Navß subunits modulate the inhibition of Nav1.8 by the analgesic gating modifier µO-conotoxin MrVIB.

ABSTRACT

Voltage-gated sodium channels (VGSCs) consist of a pore-forming α-subunit and regulatory ß-subunits. Several families of neuroactive peptides of Conus snails target VGSCs, including µO-conotoxins and µ-conotoxins. Unlike µ-conotoxins and the guanidinium alkaloid saxitoxin (STX), which are pore blockers, µO-conotoxins MrVIA and MrVIB inhibit VGSCs by modifying channel gating. µO-MrVIA/B can block Na(v)1.8 (a tetrodotoxin-resistant isoform of VGSCs) and have analgesic properties.
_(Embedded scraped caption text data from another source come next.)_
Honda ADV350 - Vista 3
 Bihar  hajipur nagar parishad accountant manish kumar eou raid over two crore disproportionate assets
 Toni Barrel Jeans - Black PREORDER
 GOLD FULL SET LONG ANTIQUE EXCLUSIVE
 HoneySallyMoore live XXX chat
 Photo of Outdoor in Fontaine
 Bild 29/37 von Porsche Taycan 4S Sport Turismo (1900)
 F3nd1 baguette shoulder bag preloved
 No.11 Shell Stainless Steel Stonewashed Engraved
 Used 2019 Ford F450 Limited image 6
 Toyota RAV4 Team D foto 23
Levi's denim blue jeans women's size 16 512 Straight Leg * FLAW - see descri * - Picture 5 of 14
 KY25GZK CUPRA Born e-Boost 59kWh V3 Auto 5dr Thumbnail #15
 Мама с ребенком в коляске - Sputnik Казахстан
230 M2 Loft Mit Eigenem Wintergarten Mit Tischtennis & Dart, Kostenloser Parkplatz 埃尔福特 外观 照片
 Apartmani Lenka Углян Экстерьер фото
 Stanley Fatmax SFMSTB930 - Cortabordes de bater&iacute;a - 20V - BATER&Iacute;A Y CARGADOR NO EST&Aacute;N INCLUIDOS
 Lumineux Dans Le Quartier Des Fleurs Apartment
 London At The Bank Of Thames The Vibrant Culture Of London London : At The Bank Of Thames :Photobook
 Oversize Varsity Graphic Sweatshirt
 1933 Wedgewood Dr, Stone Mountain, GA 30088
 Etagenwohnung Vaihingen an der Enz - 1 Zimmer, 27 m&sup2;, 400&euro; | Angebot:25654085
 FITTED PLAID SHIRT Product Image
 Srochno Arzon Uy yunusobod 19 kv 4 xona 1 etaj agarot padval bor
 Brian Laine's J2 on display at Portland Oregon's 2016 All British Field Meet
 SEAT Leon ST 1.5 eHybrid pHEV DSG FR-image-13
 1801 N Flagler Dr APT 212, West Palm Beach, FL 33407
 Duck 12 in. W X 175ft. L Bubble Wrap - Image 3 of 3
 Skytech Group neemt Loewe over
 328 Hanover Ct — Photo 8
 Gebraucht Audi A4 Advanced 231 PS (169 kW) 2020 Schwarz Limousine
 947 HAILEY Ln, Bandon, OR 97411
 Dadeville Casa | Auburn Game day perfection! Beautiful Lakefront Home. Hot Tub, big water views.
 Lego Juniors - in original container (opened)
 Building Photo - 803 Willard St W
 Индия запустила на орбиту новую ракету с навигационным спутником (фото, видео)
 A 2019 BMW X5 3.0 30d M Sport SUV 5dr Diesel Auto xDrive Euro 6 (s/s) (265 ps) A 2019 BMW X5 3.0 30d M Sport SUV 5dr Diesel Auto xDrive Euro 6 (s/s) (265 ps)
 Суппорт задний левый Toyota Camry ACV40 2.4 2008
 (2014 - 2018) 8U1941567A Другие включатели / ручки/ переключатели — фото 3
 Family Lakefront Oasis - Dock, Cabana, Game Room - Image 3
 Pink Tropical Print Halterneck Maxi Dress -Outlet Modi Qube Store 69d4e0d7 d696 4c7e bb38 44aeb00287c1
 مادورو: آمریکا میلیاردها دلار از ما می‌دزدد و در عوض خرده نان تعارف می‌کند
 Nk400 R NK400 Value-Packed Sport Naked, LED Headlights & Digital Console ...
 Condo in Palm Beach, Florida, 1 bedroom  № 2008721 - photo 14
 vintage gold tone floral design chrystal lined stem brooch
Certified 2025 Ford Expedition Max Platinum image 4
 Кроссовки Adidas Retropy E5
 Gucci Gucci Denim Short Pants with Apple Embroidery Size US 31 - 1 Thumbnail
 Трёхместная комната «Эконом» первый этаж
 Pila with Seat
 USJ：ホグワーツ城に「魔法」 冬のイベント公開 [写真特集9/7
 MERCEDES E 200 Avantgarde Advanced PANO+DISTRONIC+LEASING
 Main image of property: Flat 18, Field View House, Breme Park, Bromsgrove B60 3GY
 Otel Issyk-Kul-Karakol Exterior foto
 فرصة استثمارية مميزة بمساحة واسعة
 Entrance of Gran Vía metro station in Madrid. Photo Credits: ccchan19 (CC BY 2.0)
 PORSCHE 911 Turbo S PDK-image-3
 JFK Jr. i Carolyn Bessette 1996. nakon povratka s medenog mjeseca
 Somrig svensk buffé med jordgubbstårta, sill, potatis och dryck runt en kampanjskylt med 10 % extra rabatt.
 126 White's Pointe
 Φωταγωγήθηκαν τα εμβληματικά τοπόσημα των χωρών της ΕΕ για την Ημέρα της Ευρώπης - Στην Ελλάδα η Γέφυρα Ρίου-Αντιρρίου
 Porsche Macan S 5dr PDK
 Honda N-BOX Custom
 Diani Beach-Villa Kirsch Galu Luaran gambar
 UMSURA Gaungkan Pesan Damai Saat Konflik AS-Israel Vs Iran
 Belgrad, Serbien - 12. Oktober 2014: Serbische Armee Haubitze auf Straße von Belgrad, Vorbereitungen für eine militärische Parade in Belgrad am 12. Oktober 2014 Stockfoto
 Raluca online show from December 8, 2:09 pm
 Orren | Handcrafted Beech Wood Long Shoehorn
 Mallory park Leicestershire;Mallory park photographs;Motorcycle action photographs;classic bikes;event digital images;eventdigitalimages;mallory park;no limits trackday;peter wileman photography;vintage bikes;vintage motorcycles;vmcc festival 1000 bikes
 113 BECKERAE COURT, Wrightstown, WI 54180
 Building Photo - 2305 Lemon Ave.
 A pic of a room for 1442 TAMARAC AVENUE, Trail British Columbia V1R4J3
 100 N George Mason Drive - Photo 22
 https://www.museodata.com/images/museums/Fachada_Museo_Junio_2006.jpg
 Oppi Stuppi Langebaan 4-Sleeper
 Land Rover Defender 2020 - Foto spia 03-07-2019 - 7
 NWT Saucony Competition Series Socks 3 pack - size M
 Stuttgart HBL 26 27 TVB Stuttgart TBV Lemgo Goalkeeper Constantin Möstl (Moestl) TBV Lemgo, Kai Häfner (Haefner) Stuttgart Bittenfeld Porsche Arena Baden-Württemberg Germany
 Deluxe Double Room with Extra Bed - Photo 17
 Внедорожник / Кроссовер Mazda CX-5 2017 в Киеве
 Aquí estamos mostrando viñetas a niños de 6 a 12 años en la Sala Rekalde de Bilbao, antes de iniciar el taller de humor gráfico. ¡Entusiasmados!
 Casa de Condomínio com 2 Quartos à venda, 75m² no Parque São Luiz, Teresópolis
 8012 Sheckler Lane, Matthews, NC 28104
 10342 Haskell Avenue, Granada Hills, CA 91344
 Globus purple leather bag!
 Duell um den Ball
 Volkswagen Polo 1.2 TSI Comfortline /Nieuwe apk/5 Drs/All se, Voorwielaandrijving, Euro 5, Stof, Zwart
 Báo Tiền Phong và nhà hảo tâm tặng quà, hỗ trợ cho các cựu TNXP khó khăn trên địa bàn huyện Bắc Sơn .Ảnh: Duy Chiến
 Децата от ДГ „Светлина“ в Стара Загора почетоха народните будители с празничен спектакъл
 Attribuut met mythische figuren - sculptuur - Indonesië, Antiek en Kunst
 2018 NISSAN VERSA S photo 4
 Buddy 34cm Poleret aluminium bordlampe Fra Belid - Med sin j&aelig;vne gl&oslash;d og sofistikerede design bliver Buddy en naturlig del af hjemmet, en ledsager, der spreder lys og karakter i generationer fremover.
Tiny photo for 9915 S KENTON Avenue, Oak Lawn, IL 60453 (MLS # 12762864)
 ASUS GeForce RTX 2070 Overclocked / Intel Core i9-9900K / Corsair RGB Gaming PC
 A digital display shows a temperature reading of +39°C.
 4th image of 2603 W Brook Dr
The effect of Na(v)ß-subunit coexpression on susceptibility to block by µO-MrVIA/B and STX has, until now, not been reported. Here, we show that ß1-, ß2-, ß3-, and ß4-subunits, when individually coexpressed with Na(v)1.8 in Xenopus laevis oocytes, increased the k(on) of the block produced by µO-MrVIB (by 3-, 32-, 2-, and 7-fold, respectively) and modestly decreased the apparent k(off). Strong depolarizing prepulses markedly accelerated MrVIB washout with rates dependent on ß-subunit coexpression. Thus, coexpression of ß-subunits with Na(v)1.8 can strongly influence the affinity of the conopeptide for the channel. This observation is of particular interest because ß-subunit expression can be dynamic, e.g., ß2-expression is up-regulated after nerve injury (J Neurosci, 2510970-10980, 2005); therefore, the effectiveness of a µO-conotoxin as a channel blocker could be enhanced by the conditions that may call for its use therapeutically. In contrast to MrVIB's action, the STX-induced block of Na(v)1.8 was only marginally, if at all, affected by coexpression of any of the ß-subunits. Our results raise the possibility that µO-conotoxins and perhaps other gating modifiers may provide a means to functionally assess the ß-subunit composition of VGSC complexes in neurons.